There are several ways to have X11 applications running on remote machines to display on your local desktop. These methods are described below in order from most secure to least secure. Any or all of these methods can be used simultaneously. In fact, we recommend using the most secure method (SSH tunnelling) by default, and using the less secure methods for particular applications only if display performance is a problem.

A note on terminology: In X land, the X “client” is the application, and the X “server” is the software managing your local display, even though in context of running applications remotely, we tend to call our local machine a “client” and the remote machine a “server”. This document will use this accepted terminology because it is precise (the X server is providing access to the local display as a service, the remote machine is providing a platform to run applications as a service), but additional descriptive info will be provided throughout to minimize confusion.

In this document, the remote machine is assumed to be a UNIX/Linux-based system.

SSH tunnelling (most secure).

This method works by tunnelling all X traffic through your SSH connection. As far as the X server (your display) is concerned, X traffic will appear on the local side of the SSH connection, looking like it is coming from the local (desktop) machine, even though the X traffic originated from an X application running on the remote machine. Moreover, this traffic will be encrypted, thereby protecting private info you might potentially send through the X interface (by typing passwords, for example). This has the further benefit of working through firewalls that are set up to allow only “trusted” ports through (ssh, for example). Windows systems running X display software may encounter a significant performance penalty when using the SSH tunnelling/encryption method. However, the penalty is minimal when your display machine is a Linux/UNIX system. If you encounter major performance degradation, consider the XAuth method below.
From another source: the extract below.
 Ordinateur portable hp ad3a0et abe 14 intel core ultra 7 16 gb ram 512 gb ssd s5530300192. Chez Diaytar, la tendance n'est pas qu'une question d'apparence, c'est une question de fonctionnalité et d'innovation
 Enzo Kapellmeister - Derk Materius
Do the following to set up SSH tunnelling:

On Windows using F-Secure SSH/X-Win32:

Assuming you have enabled X11 tunneling in your F-Secure SSH profile and added “localhost” to your XHost list in X-Win32 (as described in HOWTO: Display Graphics from Golgi using X-Win32 on Windows), just starting X-Win32 will suffice. Now any graphical application run on the remote machine through the secure shell should display on your local machine.

On Linux/UNIX:

On your desktop machine, the following line:

      ''ForwardX11 yes''

should occur either in the system-wide ssh_config file (/etc/ssh/ssh_config) or your per-user config file (${HOME}/.ssh/ssh_config) before you connect. Then connect as usual. ssh will automatically take care of providing access to your desktop X display (assuming you own your X display). Alternatively, you can add the “-X” option to ssh when connecting:

      ''ssh -X''

Now any graphical application run on the remote machine through the secure shell should display on your local machine.

Direct display using XAuth (partially secure)
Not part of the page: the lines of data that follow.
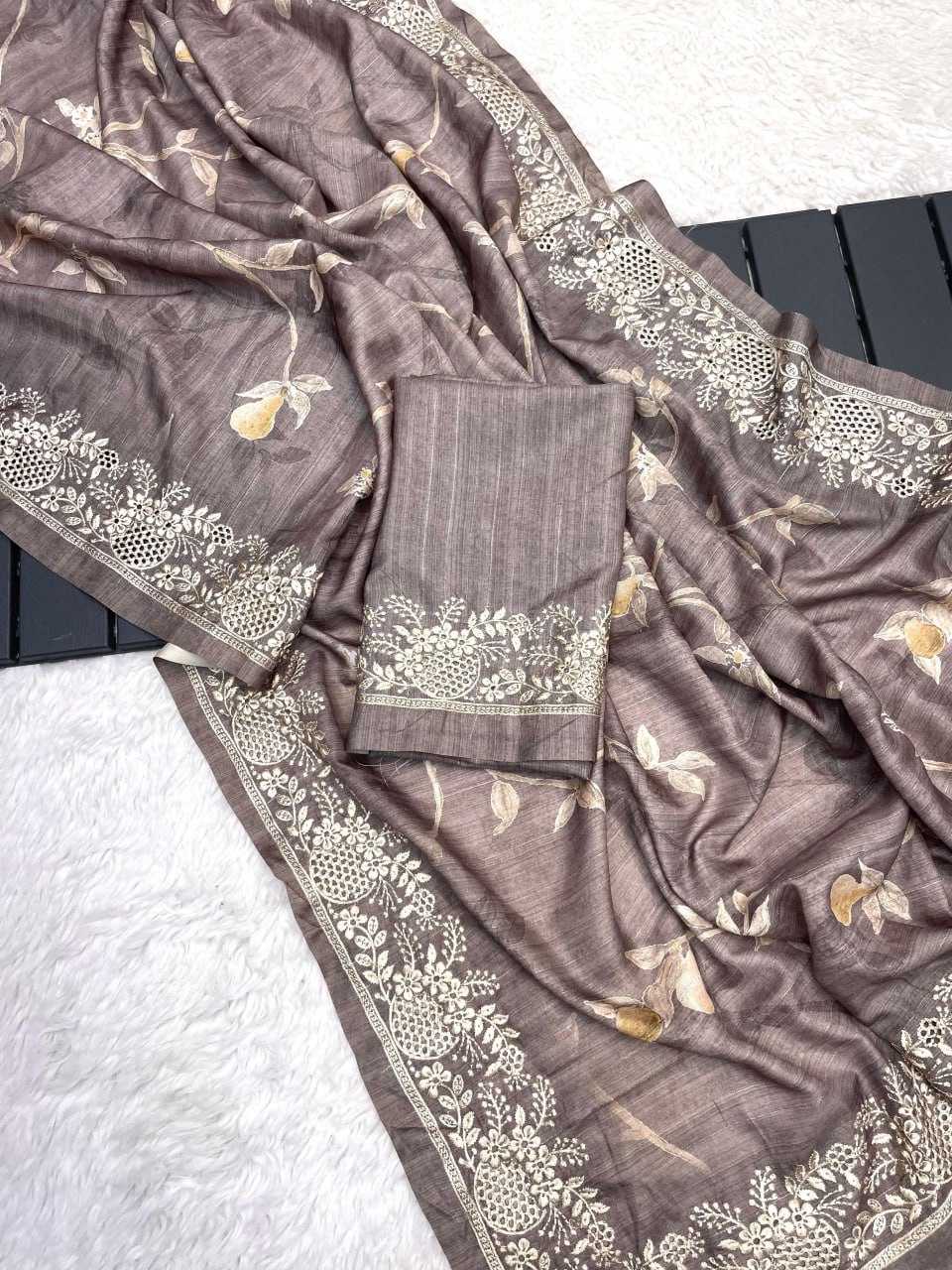 YNF HANDLOOM SILK RIN163 RAE21 SILK SAREES WHOLESALE HEAVY SILK SOFT SILK HANDLOOM SAREES MANUFACTURER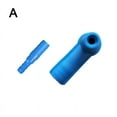 thumbnail image 1 of OPDBN Brake Oil Changer Connector Tool Oil Pum Pipe For Car AU35 Vehicles, 1 of 1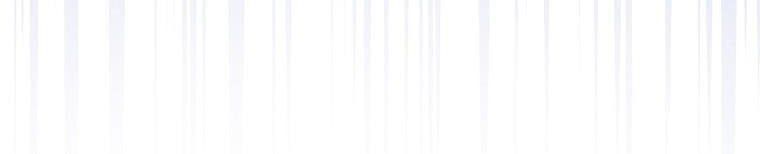 đọc truyện Nguyện Là Thanh Kiếm Trung Thành Bảo Vệ Em Chương 27 ảnh 116 tại Thiên Thai Truyện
The XAuth method of access control ensures that X applications have authorization before allowing them to connect to an X server. Authorization credentials take the form of a display-specific “magic cookie” that the X application must present to the X server. If the cookie matches with the one that the server has, then it will allow access to that application. By using this access method, X traffic can be sent without tunneling, directly to the X display. Though X traffic is not encrypted, this is an acceptable solution if your network itself is reasonably secure (i.e. the switched network within BIAC), and if your “cookie” files are protected (not readable by anyone else).
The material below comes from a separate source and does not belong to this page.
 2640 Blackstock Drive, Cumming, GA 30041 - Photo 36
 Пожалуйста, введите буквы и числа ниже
Do the following to set up XAuth:

Set up a display key on the remote machine

Connecting to Golgi

Connect to golgi using your favorite SSH program. Run the following command:


(replace “” with the name of your desktop machine). Note the colon-zero (:0) immediately following the display machine's host name. This will add a randomly generated 128-bit cookie to your personal ${HOME}/.Xauthority file on golgi, and also will merge this new key into your BIAC personal .Xauthority file in \\gall\users\USERNAME\Profile\.Xauthority. This step needs to be performed once on golgi for each machine on which you wish to display.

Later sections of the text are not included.